Tremendous progress has now been made in studying the etiopathogenesis of interstitial lung disease in children, with an understanding of how interstitial lung disease (ILD) in infants differs from the forms that occur in older children and adults. Diagnosis is difficult due to the rarity of diseases of this nosological group and the similarity of symptoms with other common respiratory diseases. Neuroendocrine cell hyperplasia of infancy (NEHI) today refers to diseases with a poorly understood etiology, but with a characteristic symptom complex and picture during diagnostic imaging. According to the literature, the prevalence of the disease has been little studied, because only individual cases are described. The disease is described in children of the first years of life and is characterized by constant tachypnea, slight hypoxemia, crepitus on auscultation of the lungs and a decrease in the rate of physical development. In the past, invasive diagnostic methods in the form of thoracoscopic lung biopsy were necessary to confirm the diagnosis, but now, due to accumulated experience and the description of characteristic changes on computed tomography in the form of a “mosaic perfusion” pattern involving at least 4 segments with a predominance in the projection of the middle lobe of the right and lingular segments of the left lung in combination with a characteristic symptom complex, does not require invasive research methods. Understanding the mechanisms of NEHI dictates a gentle tactics for administering the patient without the active use of therapy with systemic and inhaled glucocorticosteroids.

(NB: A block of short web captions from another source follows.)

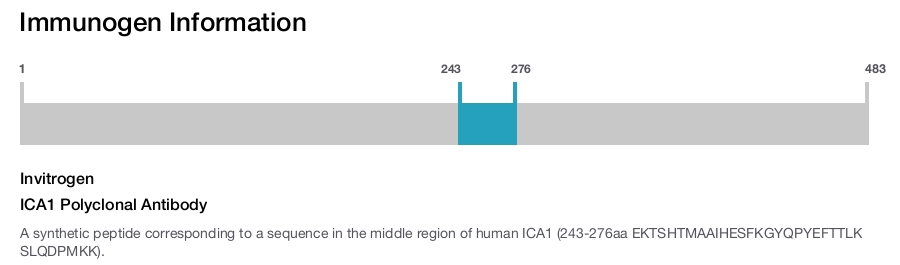 ICA1 Polyclonal Antibody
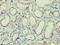 IZUMO Family Member 4 antibody, LS-C371443, Lifespan Biosciences, Immunohistochemistry paraffin image 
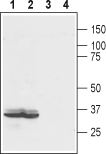 Anti-LPAR2 (EDG4) (extracellular) Antibody - Carrier Free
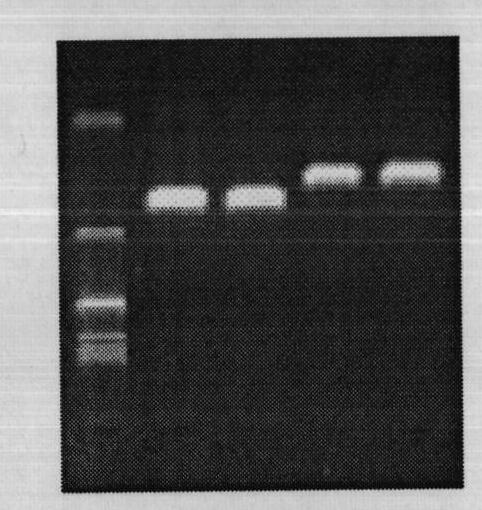 Method for amplifying complete sequence of mitochondrial genome of Macrobrachium nipponense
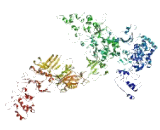 Vacuolar Protein Sorting 13B (VPS13B)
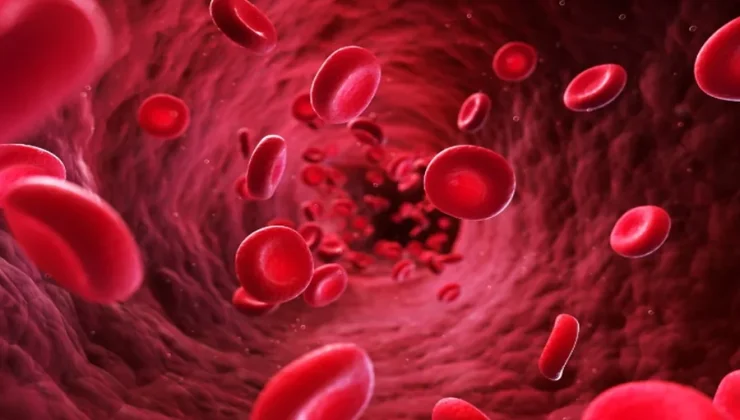Plasma Protein Binding Assay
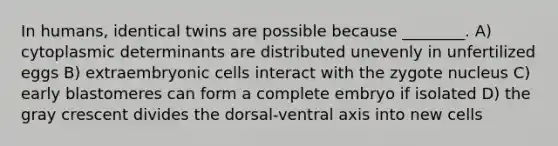 In humans, identical twins are possible because ________. A) cytoplasmic determinants are distributed unevenly in unfertilized eggs B) extraembryonic cells interact with the zygote nucleus C) early blastomeres can form a complete embryo if isolated D) the gray crescent divides the dorsal-ventral axis into new cells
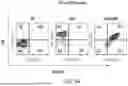 Fig. 57 - Chimeric Antigen Receptor-Modified NK-92 Cells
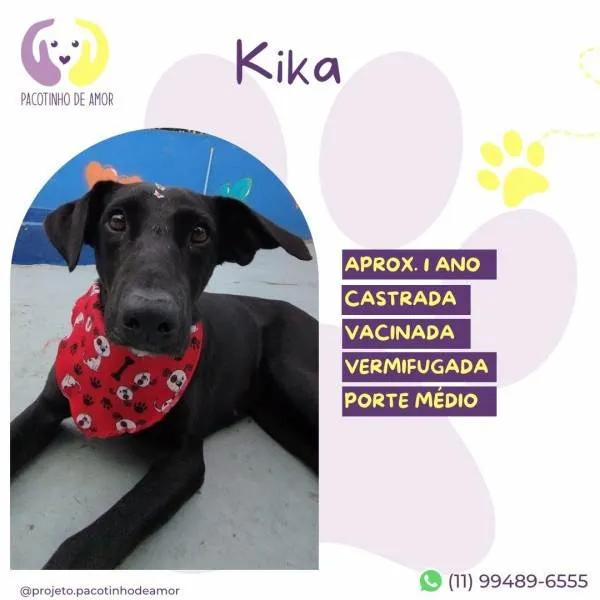 Cachorro ra a SRD-ViraLata idade 1 ano nome Kika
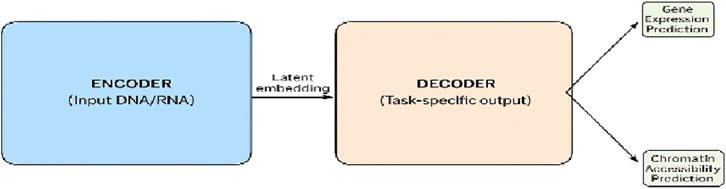 Flowchart illustrating a model with an encoder and decoder. The encoder processes input DNA or RNA, creating a latent embedding. The decoder generates task-specific outputs, predicting gene expression and chromatin accessibility.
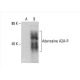 Adenosine A2A-R Antibody (5H30) - Western Blotting - Image 392602 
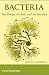 Bacteria: The Benign, the Bad, and the Beautiful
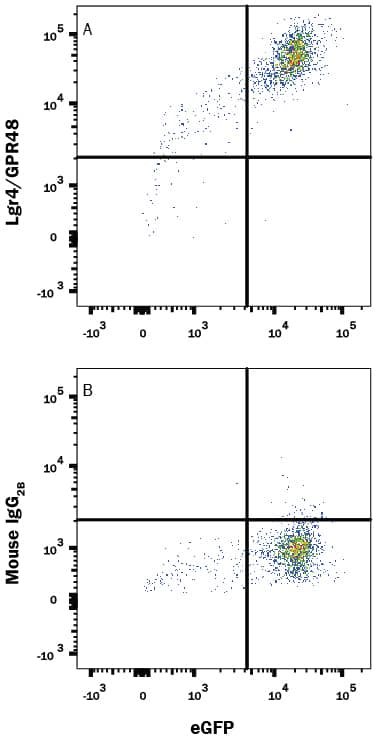 Detection of Lgr4/GPR48 antibody in HEK293 Human Cell Line Transfected with Human Lgr4/GPR48 and eGFP antibody by Flow Cytometry.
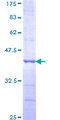 GDF2 / BMP9 Protein - 12.5% SDS-PAGE Stained with Coomassie Blue.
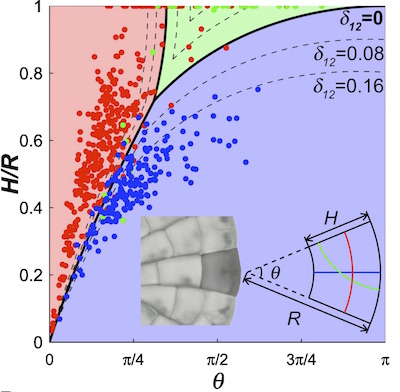 the dynamical
  system for the wedge shaped Coleochaete cells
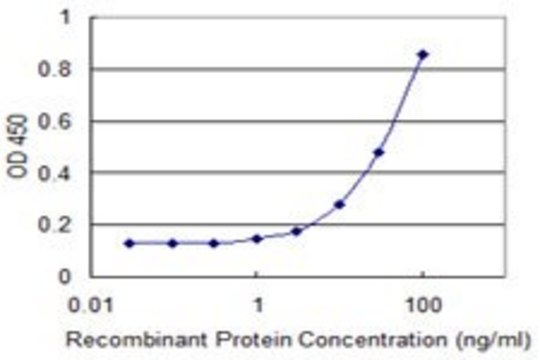Monoclonal Anti-TTLL1 antibody produced in
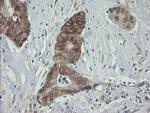 ROMO1 Antibody in Immunohistochemistry (Paraffin) (IHC (P))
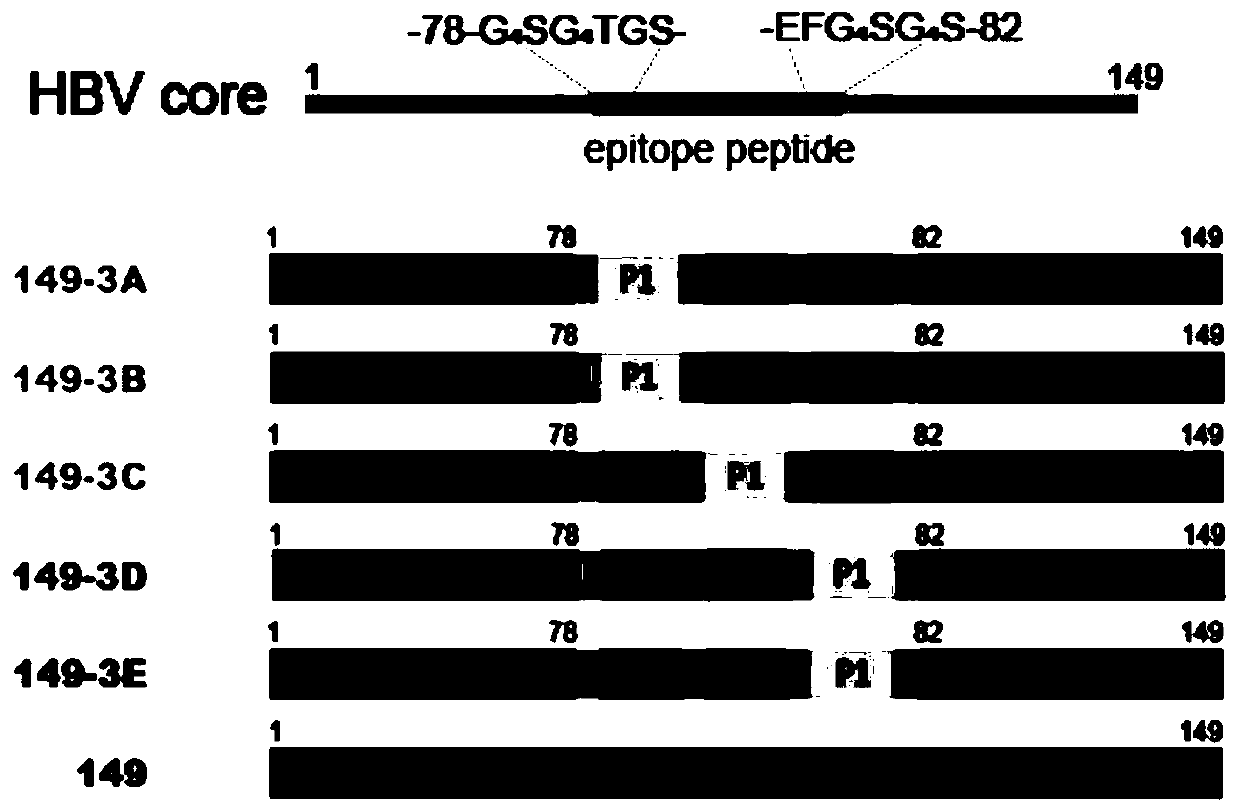 Chimeric particle containing dominant epitope peptide of EB virus membrane surface glycoprotein gp350 and coding gene and application of chimeric particle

At the same time, despite the described favorable prognosis of the disease, this nosological form remains poorly studied, and patients require special monitoring and long-term examination, because the effects on children’s health and pulmonary function in later life have not yet been described. The article presents a clinical case of diagnosis and follow-up of a child with NEHI, who was examined at the Pediatric Department of the N.N.Silishcheva Reginal Children’s Clinical Hospital, Astrakhan.